Problem description
Every record is to be copied unchanged, except that its pictures are removed.

Dataset excerpts:
--------------------------------

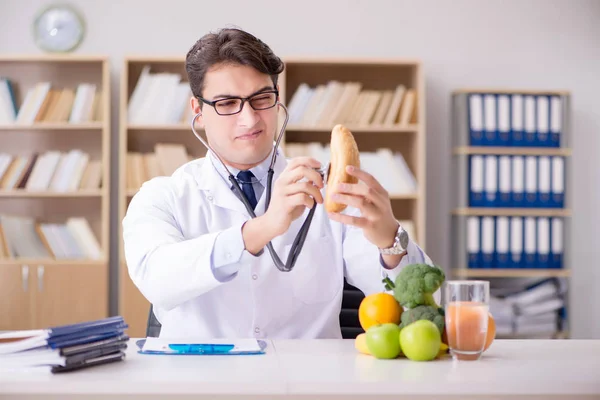 Científico estudiando nutrición en varios alimentos —  Fotos de Stock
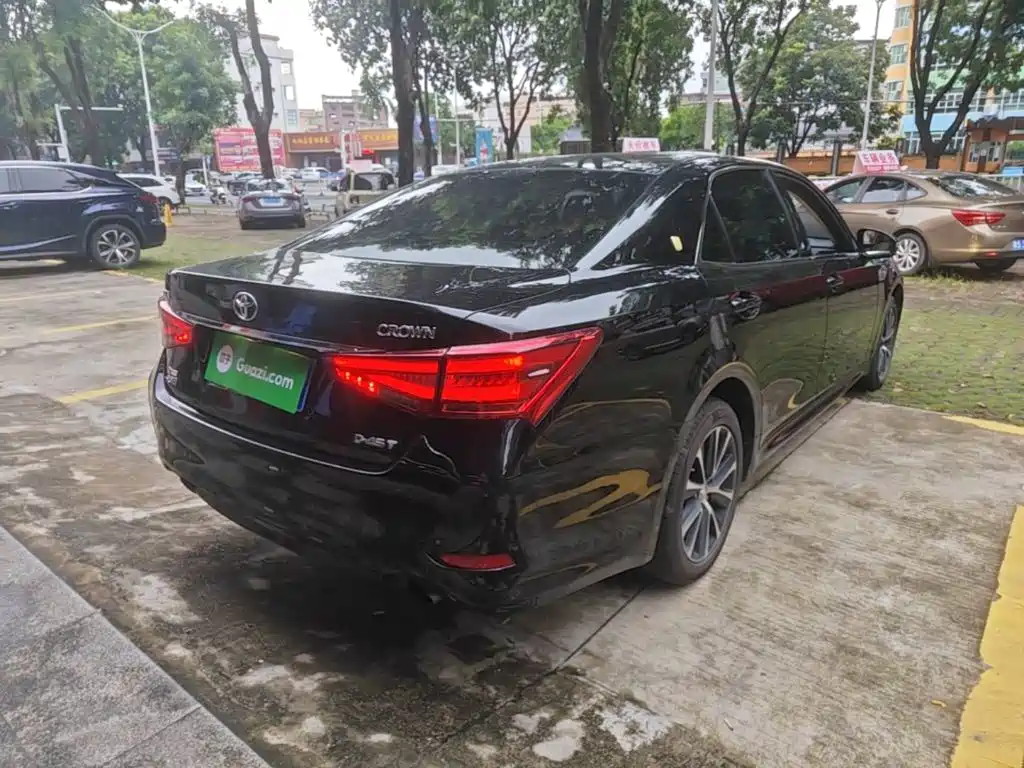 Toyota Crown 2019 2018 2.0T Fashion Edition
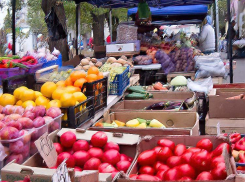 На камышинские рынки прибыли гранаты и хурма нового урожая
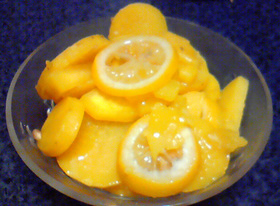 サツマイモのレモン煮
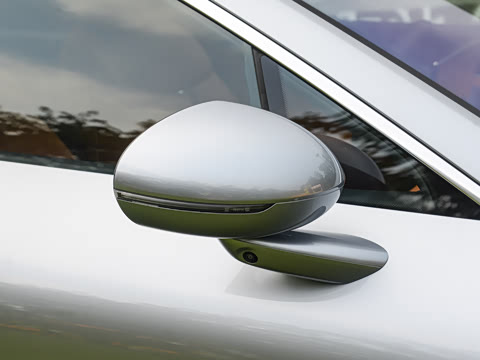 2025�� ���� Ultra��������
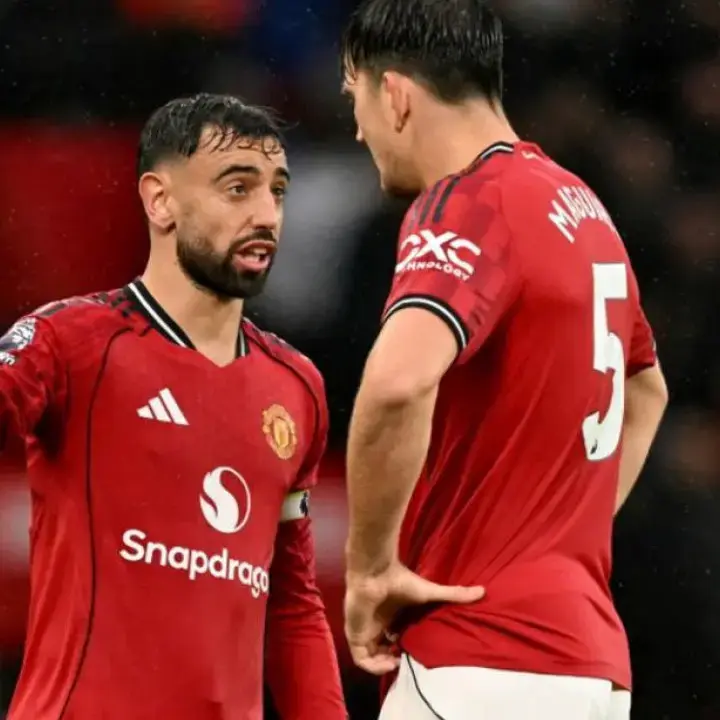 Eks Striker Aston Villa: Maguire Lebih Cocok Jadi Kapten MU daripada Bruno Fernandes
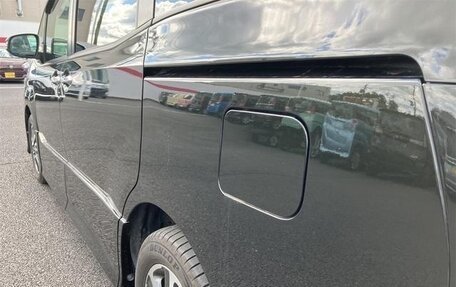 Toyota Voxy III, 2021 год, 2 270 000 рублей, 12 фотография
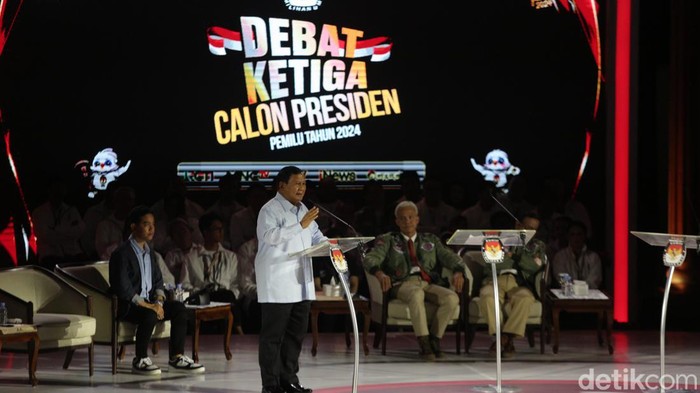 Prabowo Tegaskan Visi Pertahanan di Debat Ketiga Pilpres 2024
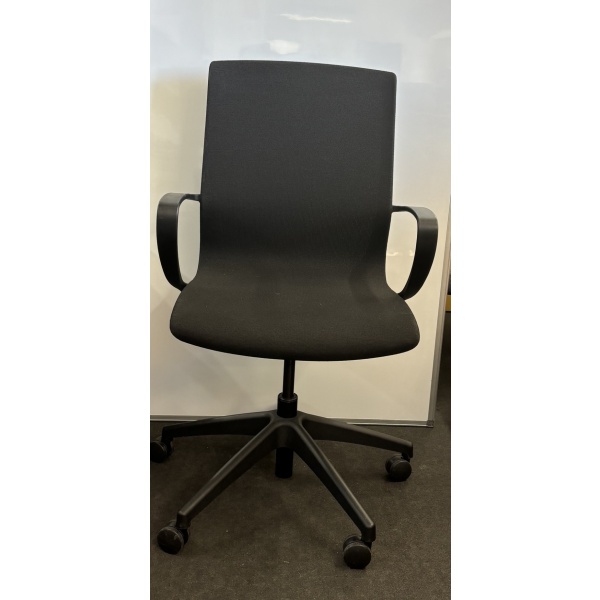 Pre-Loved Moda Chair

--------------------------------

Exercise result
 Científico estudiando nutrición en varios alimentos —  Fotos de Stock
 Toyota Crown 2019 2018 2.0T Fashion Edition
 На камышинские рынки прибыли гранаты и хурма нового урожая
 サツマイモのレモン煮
 2025�� ���� Ultra��������
 Eks Striker Aston Villa: Maguire Lebih Cocok Jadi Kapten MU daripada Bruno Fernandes
 Toyota Voxy III, 2021 год, 2 270 000 рублей, 12 фотография
 Prabowo Tegaskan Visi Pertahanan di Debat Ketiga Pilpres 2024
 Pre-Loved Moda Chair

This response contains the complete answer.